#### [TASK DIRECTIONS]
The response should be an exact transcription of the data below, free of images.

Start of INFORMATION SHOWN

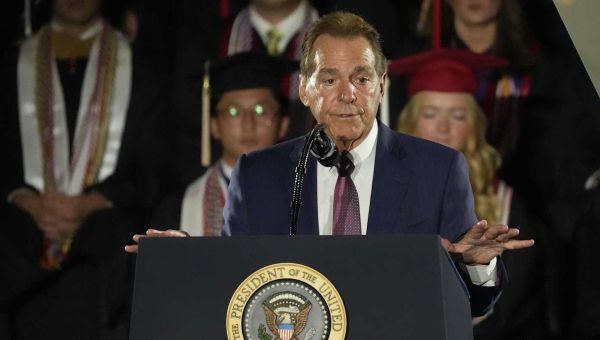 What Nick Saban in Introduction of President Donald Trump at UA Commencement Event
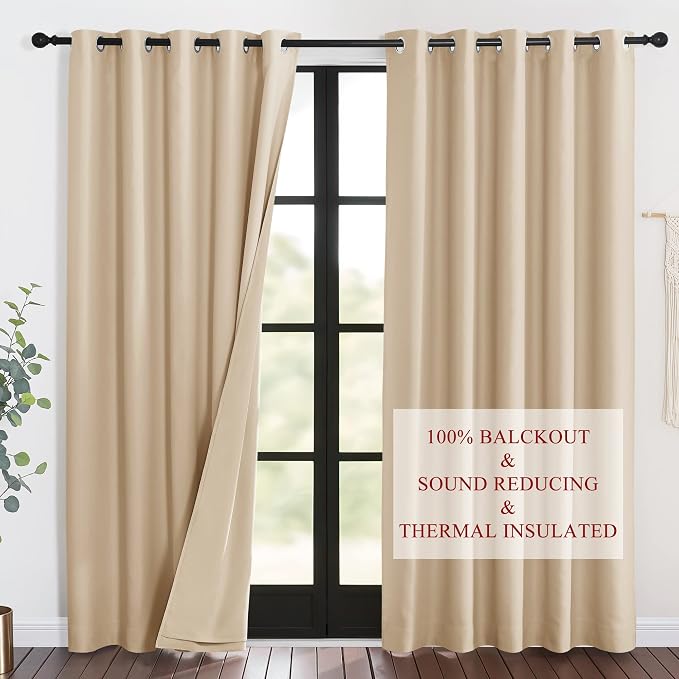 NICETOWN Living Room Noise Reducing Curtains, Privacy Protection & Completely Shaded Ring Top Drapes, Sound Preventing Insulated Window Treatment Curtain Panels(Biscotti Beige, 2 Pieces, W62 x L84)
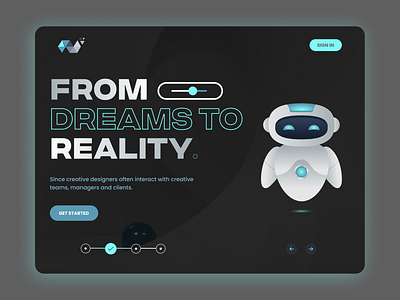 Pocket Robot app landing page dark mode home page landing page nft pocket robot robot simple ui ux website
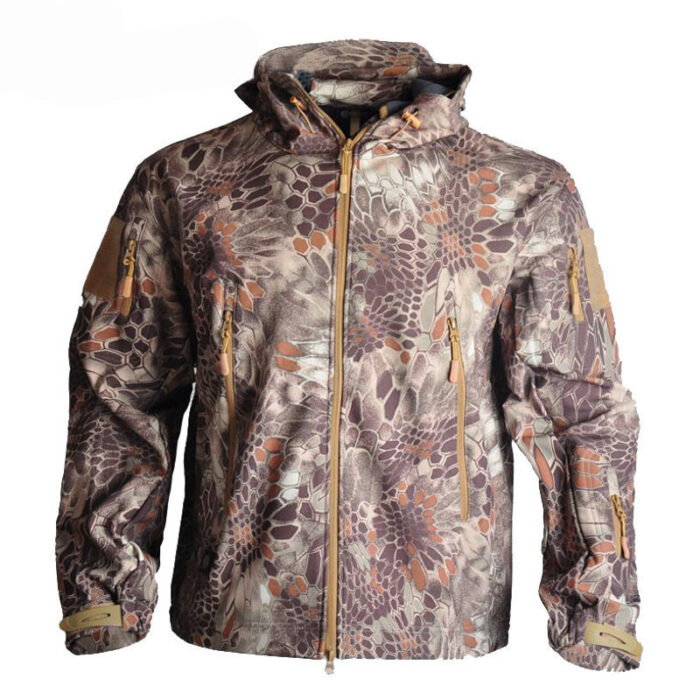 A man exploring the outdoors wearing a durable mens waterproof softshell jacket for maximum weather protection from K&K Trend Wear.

End of INFORMATION SHOWN

#### [EXERCISE OUTPUT]
 What Nick Saban in Introduction of President Donald Trump at UA Commencement Event
 NICETOWN Living Room Noise Reducing Curtains, Privacy Protection & Completely Shaded Ring Top Drapes, Sound Preventing Insulated Window Treatment Curtain Panels(Biscotti Beige, 2 Pieces, W62 x L84)
 Pocket Robot app landing page dark mode home page landing page nft pocket robot robot simple ui ux website
 A man exploring the outdoors wearing a durable mens waterproof softshell jacket for maximum weather protection from K&K Trend Wear.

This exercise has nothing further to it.